- Очень просто, - ответил Чанкайши. - Выхожу на улицу - стоит у ворот правления. Хозяина нет. Я к нему. Слышу разговор. Гляжу - сидит среди двора бечанский полицай. Пьяный - лыка не вяжет. "Я, - говорит, - благородный человек. Я шляхтич. Во мне дворянская кровь. Она не может без самогона хиба они понимают? Поховали хамы. Нема самогона. Это не люди. Это полещуки. Мужичье!" Вижу - мой шляхтич раз клюнул носом, два клюнул, опрокинулся на спину - и захрапел. Я отвязал коня - и поминай как звали…

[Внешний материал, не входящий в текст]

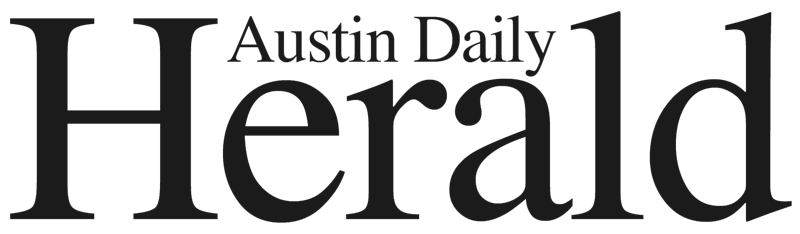 image of Austin Daily Herald logo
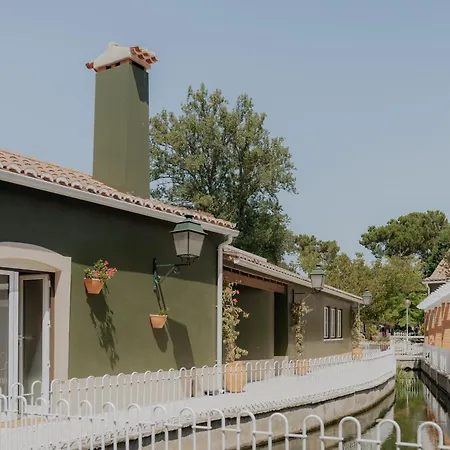 Quinta Do Pinheiro E Eventos By Grupo Quinta Dos Lagos Hotel 4*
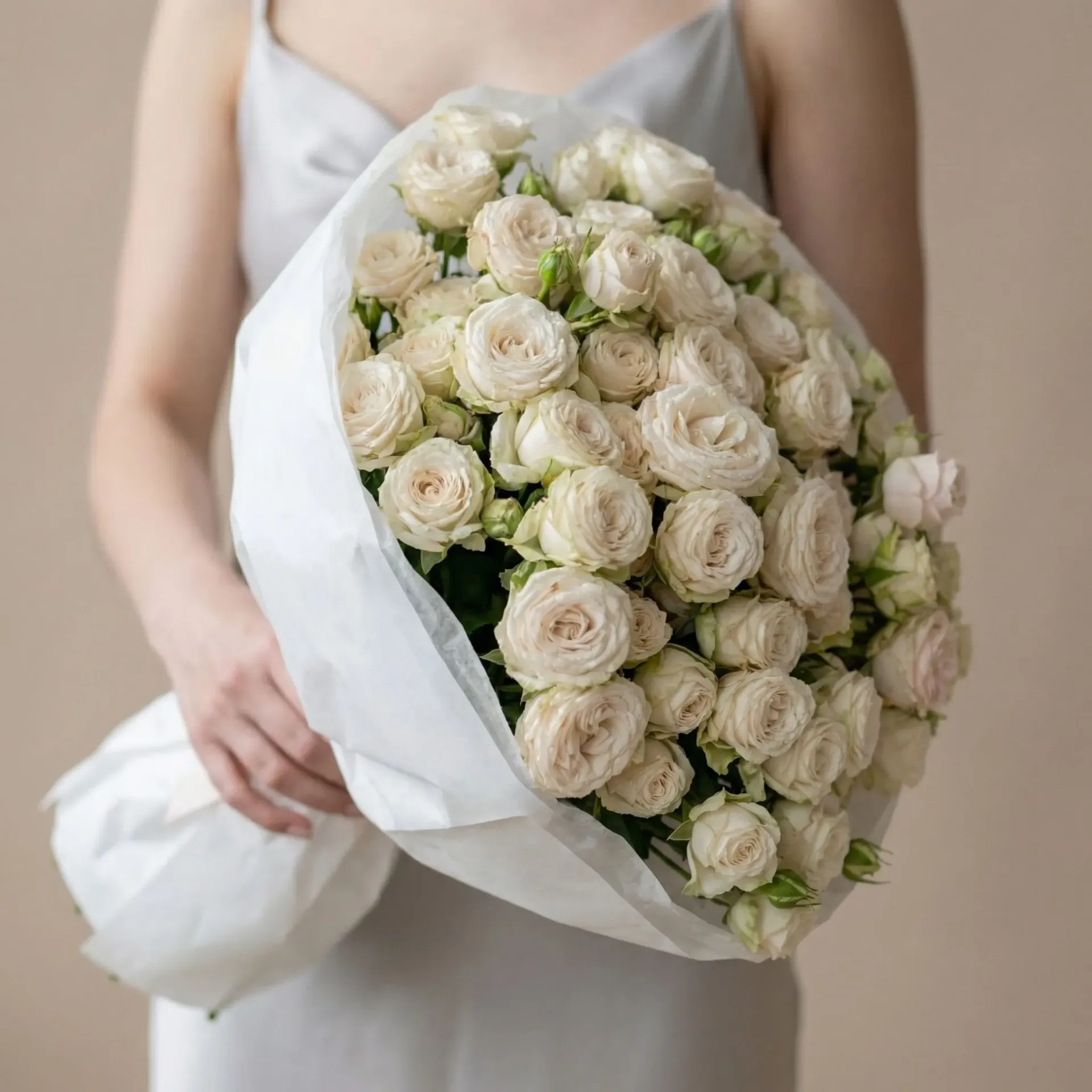 Bouquet "Quiet Luxury" (15)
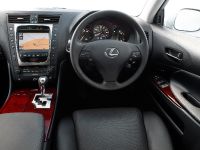 Lexus GS 450h (2010) - picture 11 of 16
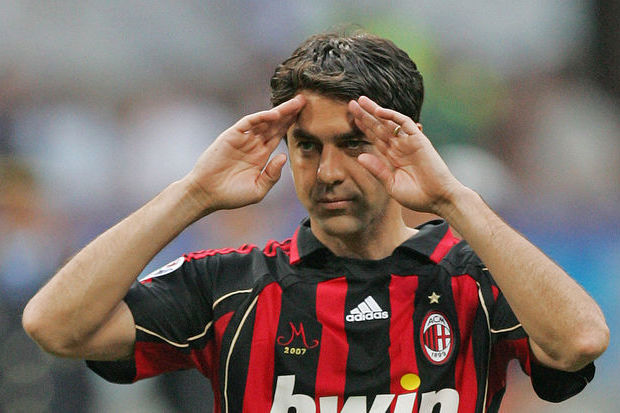 Alessandro Costacurta: O Billy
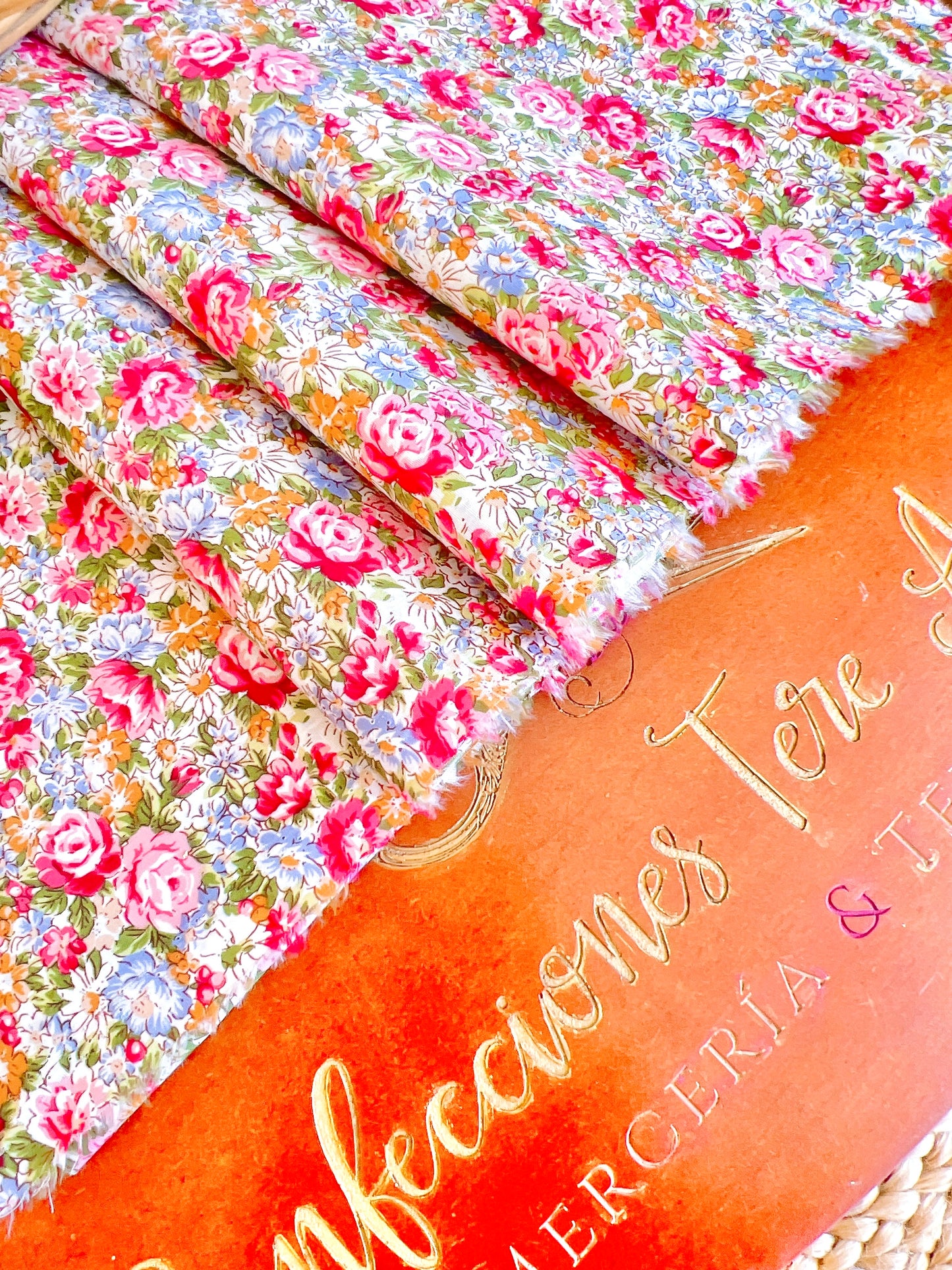 Cotton Liberty Spring/S27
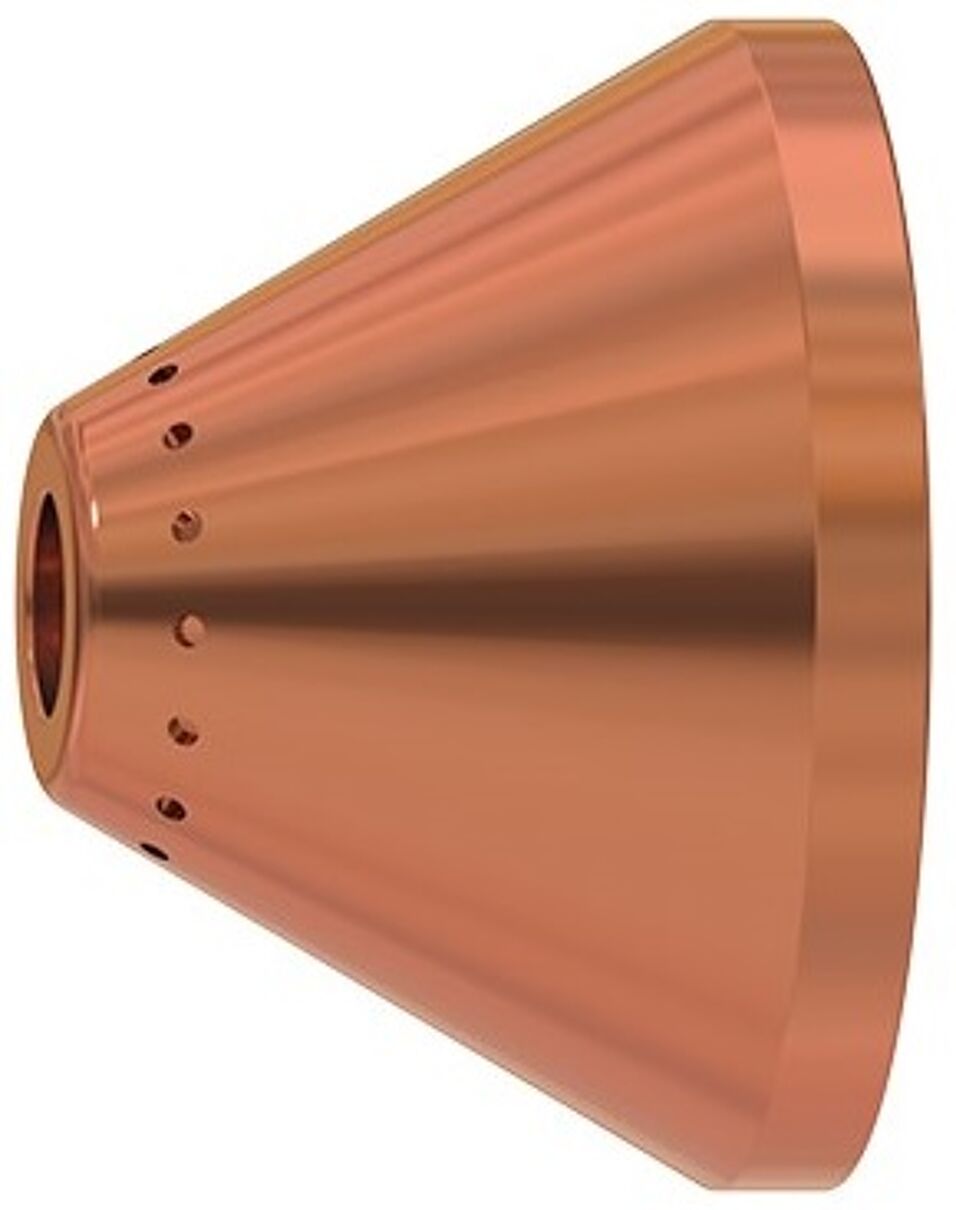 Product afbeelding Hypertherm beschermmondstuk Duramax Hyamp 125 A Mechanisch 220976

- Ловко ты его! Молодец. А если хватится?
- Да и так уже хватился, - сказал Чанкайши. - Поехали.
Он пустил коня по меже, отделявшей конопляник от пшеничного поля. Не успели отъехать и двухсот шагов, как вдогонку нам понеслись угрожающие возгласы и повелительные восклицания:
- Сто-о-ой! Сто-ой, разбойники! Стрелять буду!
Три винтовочных выстрела грянули среди ночной тишины.
- Это староста очухался, - сказал мне Чанкайши и спрыгнул с брички на межу. - Надо прихватить с собой, а то немцев наведет на след.
Чанкайши попросил нас подождать его, а сам, пригнувшись, с автоматом на шее пустился пшеничным полем навстречу бегущему старосте.
- Может, помочь?
- Сам справлюсь! - донеслось до нас.
Подкравшись к старосте, Чанкайши крикнул:
- Бросай оружие! Да перед смертью помолись своему папе римскому!.. Ну, живо, панская твоя морда!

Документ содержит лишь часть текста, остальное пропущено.